Guess again. 2004 was the first year the distance clocked in at over 7000 yards for the pros. Instead, this true target golf course requires careful concentration and course management on every shot. This is not a course that can be overpowered with a driver as the penalty for any missed shot is bogey or worse. Dye’s philosophy in designing this course for pros playing in a marquis event was “they can’t recover from water.” Dye is right. With its penal nature, pros hate a water hazard just as much as weekend golfers. Accordingly, there is water present on every hole (although not always in play) and Dye’s intimidating water hazards, mounding and bunkering leaves little room for error.

Sawgrass is also a showcase of all the great design features Dye has embraced and shared with the golfing community. Severe mounding, bulk-headed water hazards, pot bunkers and staggered tee boxes (his wife Alice places the ladies tees now, usually well in front of the trouble) and stadium mounding for spectators, are all hallmarks of design features he returned with from the British Isles. These classic aesthetic features are woven onto a design which is rich in strategic, risk-reward options. Reachable par fives are guarded by menacing water hazards. Short par fours are strengthened by false front greens, penal bunkers and devilish collection areas. Shot requirements are varied, keeping the player off balance. One minute the course calls for a draw, then later a fade. One hole is short, the next long. And at all times Sawgrass demands a wide range of creative shotmaking and a wealth of patience. The course is not long so smart players who hit their targets all day will actually leave with a respectable score.
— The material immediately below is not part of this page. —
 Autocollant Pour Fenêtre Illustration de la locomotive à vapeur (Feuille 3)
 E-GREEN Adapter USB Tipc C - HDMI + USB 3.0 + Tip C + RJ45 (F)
Players must get their scoring done early as the first three holes on each nine offer the best chances for birdie. Interestingly, the first hole and tenth hole are identical except for the fact that they are reverse images of each other. As professional tournaments frequently will send players off the first and tenth tee for the first two rounds, Deane Beman instructed Dye to make the starting holes very similar so that the pros would be faced with similar challenges no matter which hole they began the tournament on. They even have the same hazards at almost exactly the same distances. They are both short par 4s, the first hole with water and sand to carry off the tee, bends gently to the right. The 10th hole with water and sand off the tee, bends gently to the left. Both two and eleven are short reachable par 5s and offer great birdie chances for the professionals and long hitters. Amateurs must still stay straight as trouble lurks right in the form of water, sand and trees.

The course begins in earnest at 4, a classic Dye risk reward par four with a severely canted green. While barely over 300 yards, danger lurks everywhere as the second shot must be played over water to a green which slopes off on all sides. Placement is paramount here as the tee shot must be played to the correct side of the fairway to offer the optimum approach to the green. Even pros, who should escape unscathed, have considerable trouble since the approach drops off into the water so sharply. Bunkers in back of the green will catch approaches that are too bold and both puts and chips from the high side risk running back into the creek.

Five, six and seven are each par fours. They were designed long, short long, to keep the pros off balance and provide variety in the design. The eighth hole, the longest of the par 3s, clocks in at over 200 yards and is completely surrounded by bunkers. It perennially plays one of the toughest holes on the course. The par 5 ninth is a genuine three shot par 5 that jumps over a creek and then swings hard left to a green nestled below a dell of mounds and trees. The very small green is designed to accept a wedge shot, but many players miss and walk off mumbling about missing a birdie opportunity.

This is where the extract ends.